Of course, the 164 kN quoted for 10 mm S275 is the maximum value, when the resistance is not limited by any of the dimensions e1, e2, p1 and p2. If each of these four dimensions are large enough, the values of k1 and b (see Table 3.4 of EN 1993-1-8) reach their maximum values of 2.5 and 1.0 respectively.  This is the assumption in the resistances quoted in the BlindBolt technical literature and is noted at the bottom of the resistance tables. The note goes on to say that in other cases the bearing resistance should be calculated in accordance with Table 3.4 of EN 1993-1-8.

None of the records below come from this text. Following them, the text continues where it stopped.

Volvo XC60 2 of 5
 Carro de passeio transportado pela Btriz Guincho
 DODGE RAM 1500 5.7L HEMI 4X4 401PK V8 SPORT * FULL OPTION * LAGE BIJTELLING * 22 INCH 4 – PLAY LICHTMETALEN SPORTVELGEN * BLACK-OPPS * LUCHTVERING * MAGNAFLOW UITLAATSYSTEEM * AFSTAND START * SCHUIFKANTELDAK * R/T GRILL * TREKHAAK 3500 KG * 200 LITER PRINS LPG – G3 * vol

Bearing resistances from the Blue Book

Since the bearing resistance of a BlindBolt for use with Eurocode designs is precisely the same as that of an ordinary bolt, the tabulated bearing resistances given in the Blue Book for differing bolt group dimensions may be used directly. If the actual values of e1, e2, p1 and p2 are no smaller than the tabulated values, the tabulated bearing resistances are conservative. In many cases, the relatively high bearing resistance given by the Eurocode for both ordinary bolts and BlindBolts is of no benefit as the shear resistance of the fixing will be critical.